## EXERCISE DESCRIPTION
Copy all records precisely, apart from the pictures.

[Brief descriptive captions]
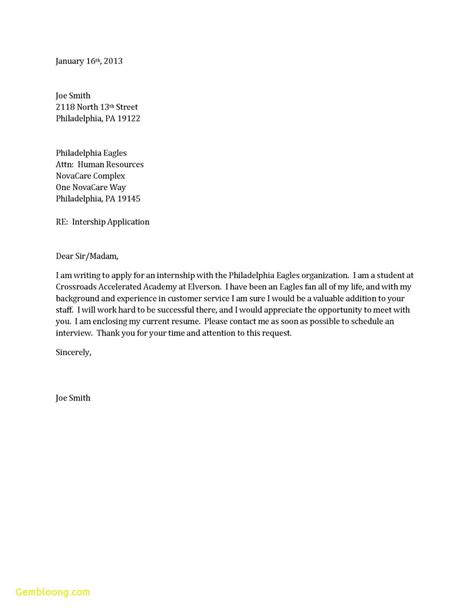 This generic cover letter applies a formula that works for any candidate with a little experience. 23+ Short Cover Letter Examples | Cover letter for resume ...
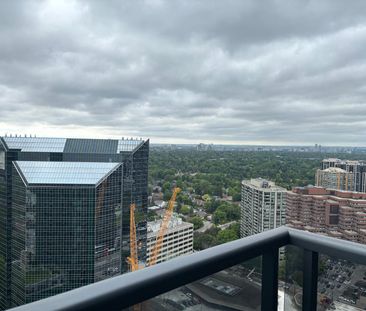 For Lease - 2 Anndale Drive Unit# 3201, Toronto, Ontario - Photo 6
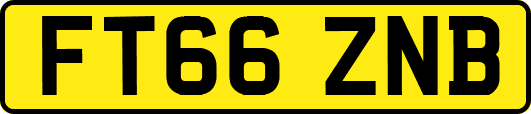 FT66ZNB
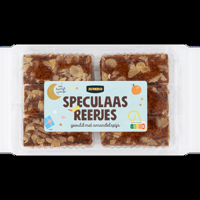 Jumbo Speculaas Reepjes Gevuld met Amandelspijs 270 g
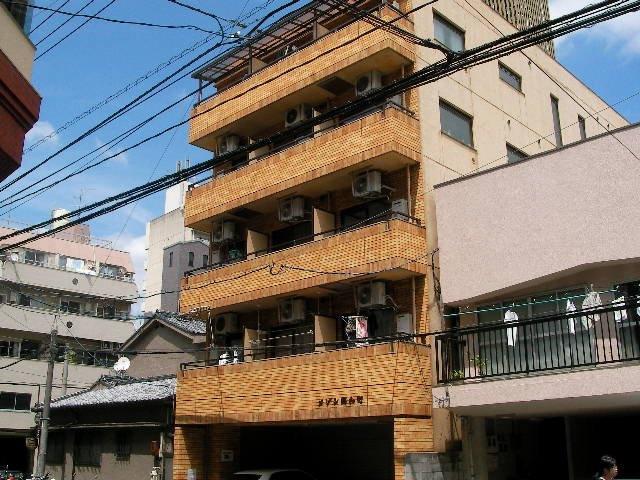 メゾン昭和町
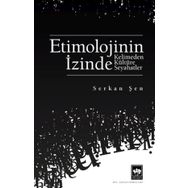 Etimolojinin İzinde Ötüken Neşriyat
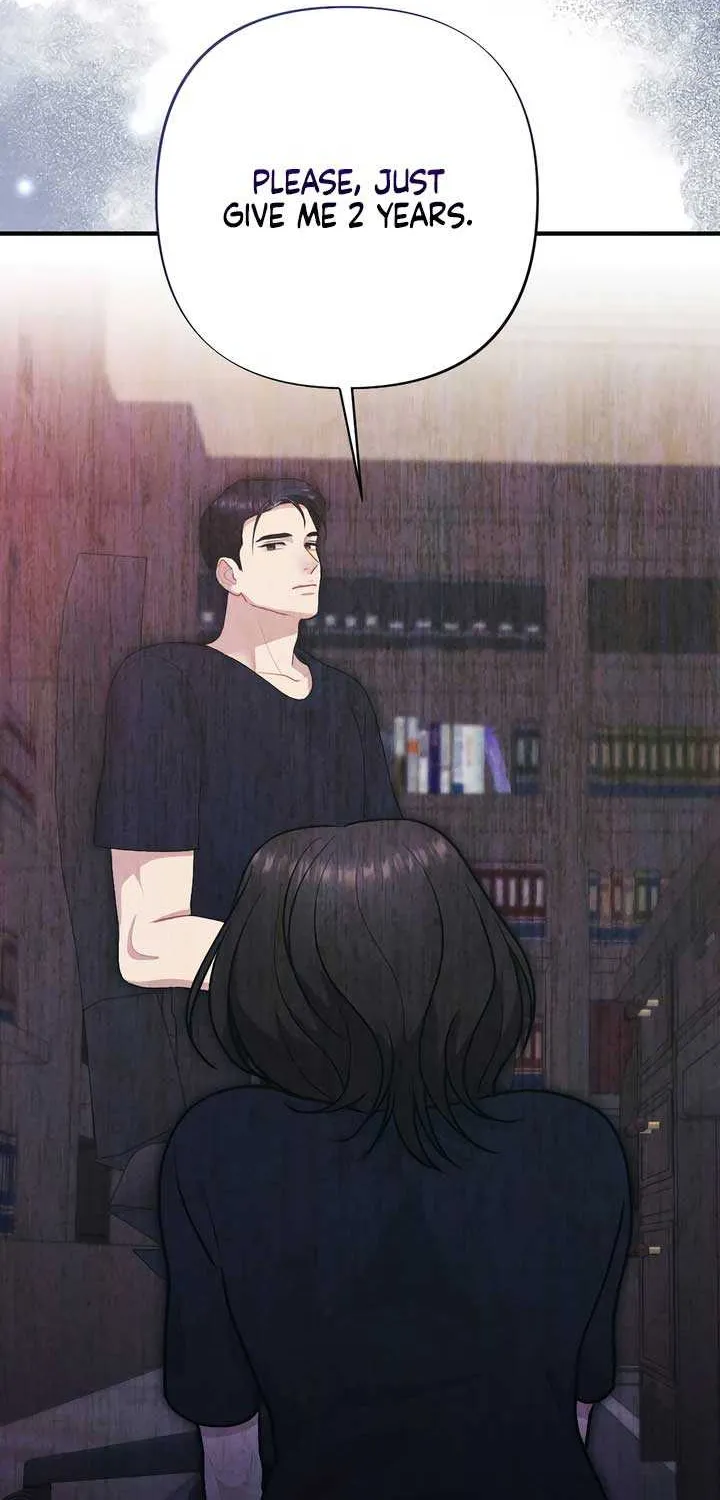 Read A Twisted Reunion chapter 25 image 74 on Lezhin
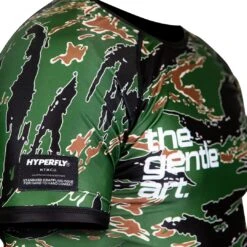 Tiger Camo Rash Guard 13 Tiger Camo Rash Guard -Hyperfly Shop tiger camo rash guard no gi rash guard hyperfly 386090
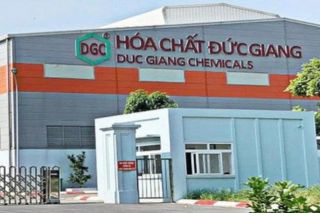 Đức Giang (DGC) ghi nhận lợi nhuận tăng 9%, với khoản tiền gửi ngân hàng vượt 12.000 tỷ đồng
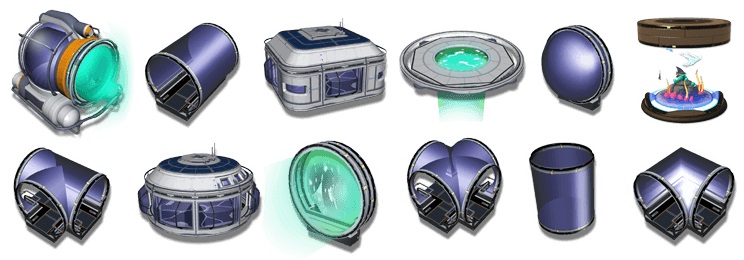 No Man’s Sky อัพเดตแพทช์ The Abyss ปลดปล่อยความสยองใต้ท้องทะเลลึก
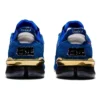 Asics x Sneakerwolf Gel-Lyte XXX « Blue Red »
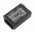 Batteria per lettore codici a barre Zebra WorkAbout Pro G4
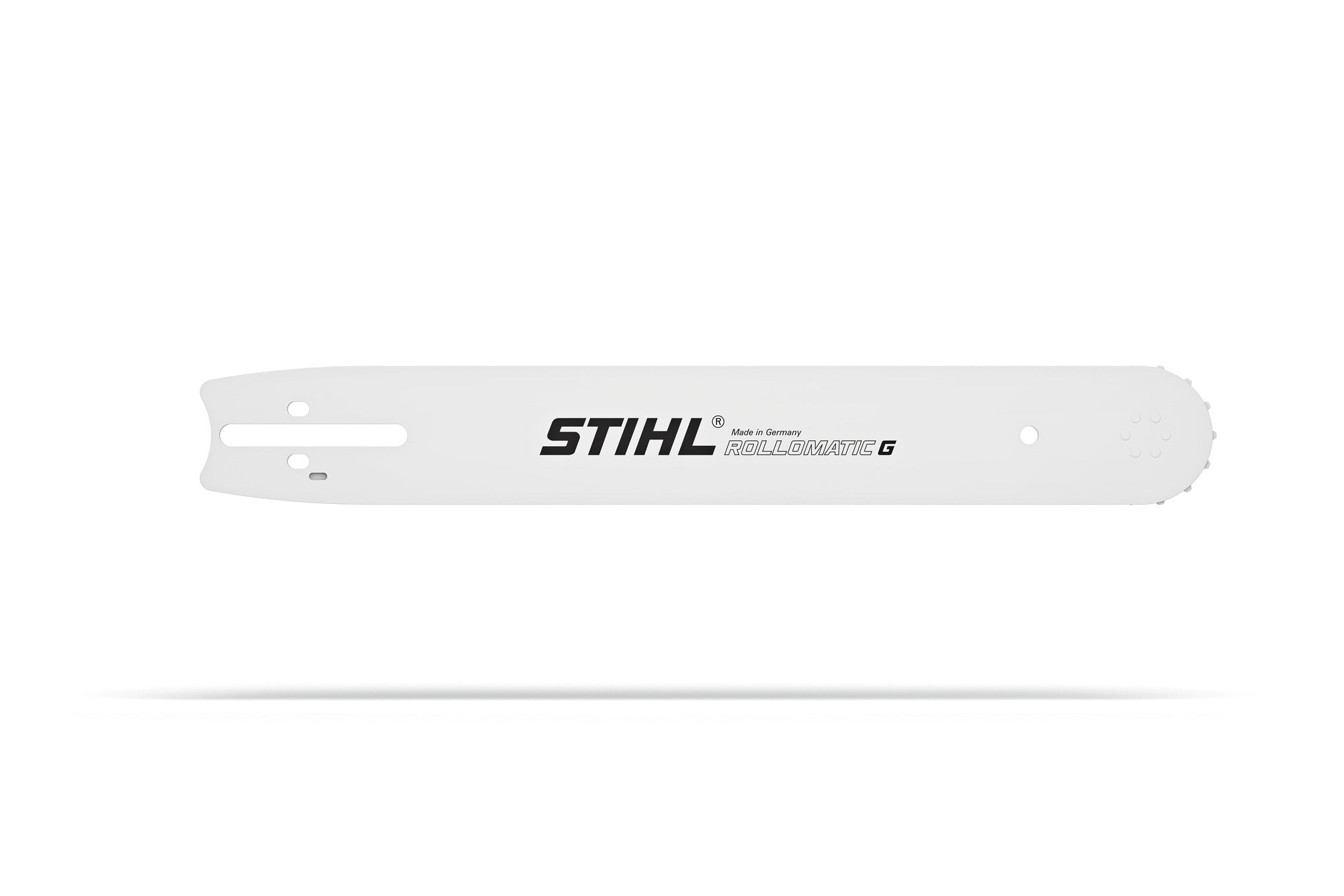STIHL Guide de tronçonneuse Rollomatic G, 45 cm, 36 GGM 30060001417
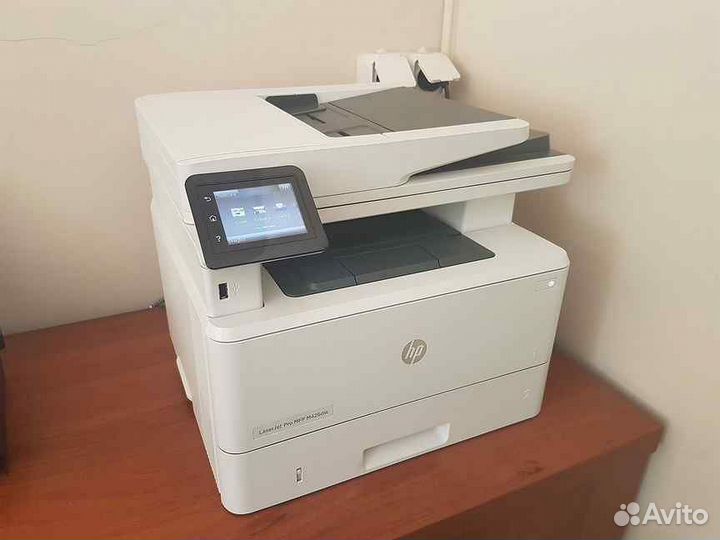 Принтер лазерный мфу hp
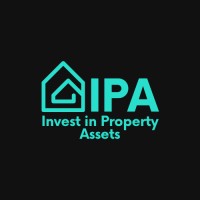 Invest in Property Assets Ltd Logo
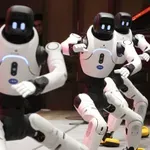„Roboti odgovor na probleme dosadašnjeg modela rasta“: Šta Srbiji zapravo ostaje kada iz fabrike izađe robot?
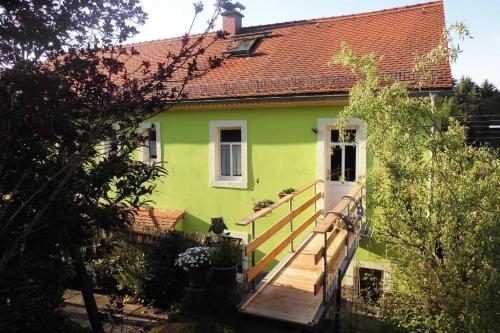 Ferienwohnung-zur-Eselsbruecke Rathmannsdorf allemagne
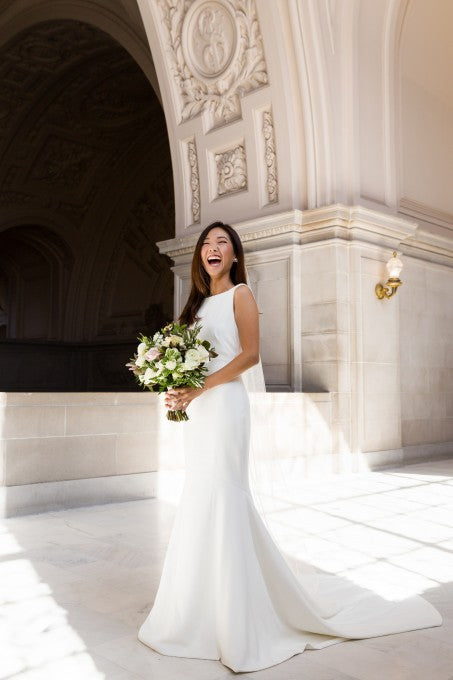 Other Theia Couture DEVON 890238 – Nearly Newlywed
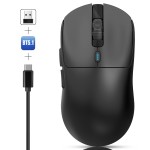 Gaming Mouse Supplier - 2024 T68 3D Style 3-Mode
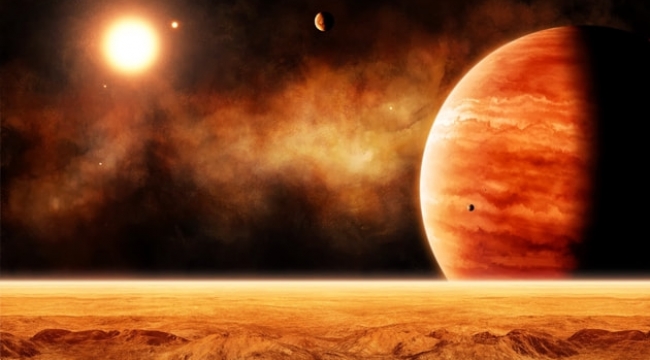 Bunlar daha iyi günlerimiz: Eylül'deki Mars retrosu neler getirecek?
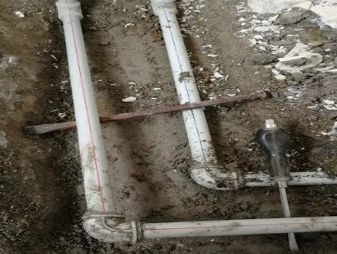 伍家岗卫生间测漏水多少钱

## RESPONSE TO THIS EXERCISE
 This generic cover letter applies a formula that works for any candidate with a little experience. 23+ Short Cover Letter Examples | Cover letter for resume ...
 For Lease - 2 Anndale Drive Unit# 3201, Toronto, Ontario - Photo 6
 FT66ZNB
 Jumbo Speculaas Reepjes Gevuld met Amandelspijs 270 g
 メゾン昭和町
 Etimolojinin İzinde Ötüken Neşriyat
 Read A Twisted Reunion chapter 25 image 74 on Lezhin
 Tiger Camo Rash Guard 13 Tiger Camo Rash Guard -Hyperfly Shop tiger camo rash guard no gi rash guard hyperfly 386090
 Đức Giang (DGC) ghi nhận lợi nhuận tăng 9%, với khoản tiền gửi ngân hàng vượt 12.000 tỷ đồng
 No Man’s Sky อัพเดตแพทช์ The Abyss ปลดปล่อยความสยองใต้ท้องทะเลลึก
 Asics x Sneakerwolf Gel-Lyte XXX « Blue Red »
 Batteria per lettore codici a barre Zebra WorkAbout Pro G4
STIHL Guide de tronçonneuse Rollomatic G, 45 cm, 36 GGM 30060001417
 Принтер лазерный мфу hp
 Invest in Property Assets Ltd Logo
„Roboti odgovor na probleme dosadašnjeg modela rasta“: Šta Srbiji zapravo ostaje kada iz fabrike izađe robot?
 Ferienwohnung-zur-Eselsbruecke Rathmannsdorf allemagne
 Other Theia Couture DEVON 890238 – Nearly Newlywed
 Gaming Mouse Supplier - 2024 T68 3D Style 3-Mode
 Bunlar daha iyi günlerimiz: Eylül'deki Mars retrosu neler getirecek?
 伍家岗卫生间测漏水多少钱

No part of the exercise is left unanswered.